JoshuaC3 avatar Feb 04 '21 08:02 JoshuaC3

A lot of it is screenbrush.

koaning avatar Feb 04 '21 18:02 koaning

I thought about wipping something like this together, but then remembered to google first and found these libraries:

The library lets you define variables that business rules can act on, and the potential actions that can be taken, and then you define the actual business rules as a json file that can be executed:

https://github.com/venmo/business-rules

They then have this simple UI to generate the JSON files:

https://github.com/venmo/business-rules-ui

I was thinking of something similar but then having BusinessRules defined as python classes and then a RulesEngine that is scikit-learn compatible that consists of a collection of BusinessRules (either a list or a dictionary to define a tree like structure). You could then both export this to (engine.to_yaml("rules.yaml") and instantiate from yaml as a classmethod (RulesEngine.from_yaml("rules.yaml")) similar to what I did in the explainerdashboard library.

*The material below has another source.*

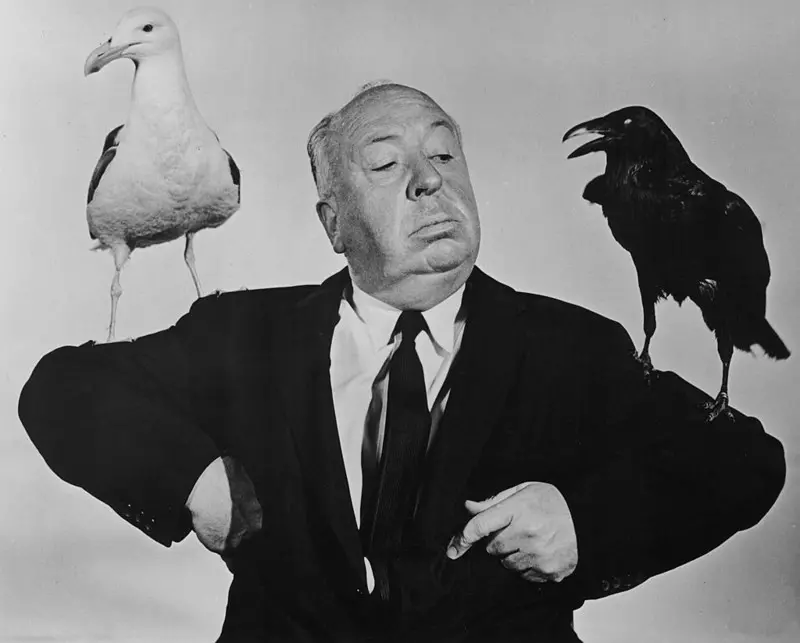 "Ptaki" Hitchcocka filmem, w którym widzowie mogą znaleźć najwięcej błędów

Then you would have to develop a UI on top of that to make it truly user friendly.

oegedijk avatar May 19 '21 18:05 oegedijk

So I made a quick demo here: https://github.com/oegedijk/rule_estimator

It is a slightly different approach as the user would have to define classes instead of functions and then wrapping those functions in estimators.

For now you can define simple gt/ge/lt/le BusinessRules, string them together using CaseWhen, and define BinaryDecisionNodes.

oegedijk avatar May 20 '21 15:05 oegedijk

@oegedijk there's some user interface elements that I am experimenting with in line with that you're suggesting, but with a slightly different vantage point. A first demo can be found as part of my csvconf talk. It starts at 40:00.

I think the problem isn't that we're not capable of translating casewhen-style domain rules into python. That's a syntax problem and that's solved. I think the problem lies more in the user interface, which is in-line with the ui demo, but it's not just the declaration of rules. It's two main issues:

  • How can we make it easier for folks to discover meaningful rules? I really want a flow where exploratory data analysis can just become the model. Mental models still need to be challenged and visualisation seems like the best technique to have people learn from data. Less need for model explainability tools that way.
  • How can we make a system that is expressive also for low tech people who cannot do python? It's not just case-when, but also selecting areas on a chart, parallel coordinates, maps and rules with aggregations.

I've got some ideas in this realm as well as small local demos, but nothing is ready for prime time just yet. There is one demo live though that I've made on behalf of my employer, Rasa, in case you're interested (check out the Bulk Labelling demo).

koaning avatar May 21 '21 08:05 koaning

Closing due to radio silence.

koaning avatar Sep 04 '22 07:09 koaning